This week the US officially exited the World Health Organization, ending nearly 80 years of membership and financial support. The president has made it clear that the U.S. won’t resume payments or take part in WHO governance for the rest of his term.
Note: the Biden Administration pre-paid 2025 dues a couple of days before he left office – which is why the US official exit from WHO didn’t happen until this week.
At first this looks like a setback for global health. The US had been the largest contributor to WHO’s budget, and our exit triggered concern among some that the WHO’s ability to carry out its work effectively will be harmed because reduced funding (due to the US no longer paying dues). That raises concerns that disease surveillance, outbreak response, and vaccine coordination will weaken.
But, as I argued in my blog a year ago, there’s another way to look at it: losing U.S. influence during the next 3 years is, in fact, a good thing – as long as other countries step up and backfill the missing US dues.
Why? Because this US administration (e.g. Kennedy/Rubio) will no longer have influence on the WHO Executive Board and World Health Assembly – and will no longer be able to push politically driven and non-evidence-based WHO programming. That leaves the WHO free to focus on its core mission by protecting health with evidence and science without harmful interference by the US.
The US had been contributing 18% of WHO’s overall budget, initially creating a $760M funding gap in their 2-year budget. Thankfully, other countries and philanthropic organizations (e.g. Novo Nordisk Foundation) have stepped in to backfill the US former dues.
China has committed $500M and contributions from other countries total about $170M (e.g. Switzerland $40M, Sweden $13M, Angola $8M, Qatar $6M). That brings global pledges to roughly $670M… 88% of the U.S. funding loss (once the checks arrive).
That leaves a shortfall of about $90M right now, around 2% of WHO’s total 2-year budget. In practical terms, that’s a modest reduction, and one WHO should be able to absorb by prioritizing higher impact projects and lowering or dropping low value or politically imposed initiatives.

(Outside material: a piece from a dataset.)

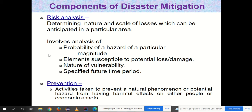After risk analysis, prevention activities are taken — activities to prevent a natural hazard from having harmful effects on people or economic assets. When hazard identification, vulnerability analysis, and risk analysis have been completed, prevention steps can be taken to reduce the impact of the disaster. Heavy rainfall is bound to occur, but specific activities can be planned to reduce its effect on people, life, property, and economic assets. Those steps constitute prevention within disaster mitigation.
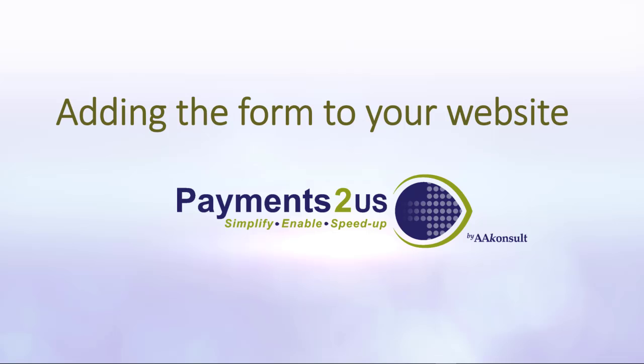Welcome to the session on adding Payments2us checkout forms to your website. During this session we'll generate a URL for the public facing website form and we'll also show you how to add the form embedded into your website.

A 2% cut is unlikely to damage WHO’s core functions. What matters most is how WHO chooses to distribute scarce resources. WHO now has the flexibility to end any program that had been pushed by the US in the last year and bring back programs that were effective and evidence-based that the US was discouraging (e.g. vaccination campaigns in developing nations).
WHO’s most critical work will remain intact. Disease surveillance and outbreak detection networks will continue to operate; mechanisms for vaccine quality assurance and prequalification will remain in place; and long-term disease control programs (polio, measles, malaria) will still have global support. These are the functions that matter most for health outcomes in low-income countries.
So, while the WHO may end up with a slightly smaller budget, they will also be less subject to harmful and politically driven interference by people like Kennedy and Rubio over the next 3 years.
For example, Kennedy will no longer be able to use the US’ former position on the WHO Executive Board to kill vaccination campaigns in developing nations and vaccine distribution work for polio eradication etc.
Indeed, the WHO is arguably in better shape now than it was last week because the Trump Administration no longer has influence at the WHO.
It’s entirely possible (even likely) that 3 years from now the US will rejoin the WHO under leadership that is again committed to science, multilateral cooperation, and improving health outcomes in developing nations.
When that happens, U.S. engagement could again strengthen global health security.
Until then, WHO will work with a slightly smaller budget but with fewer political constraints and may emerge more focused & effective.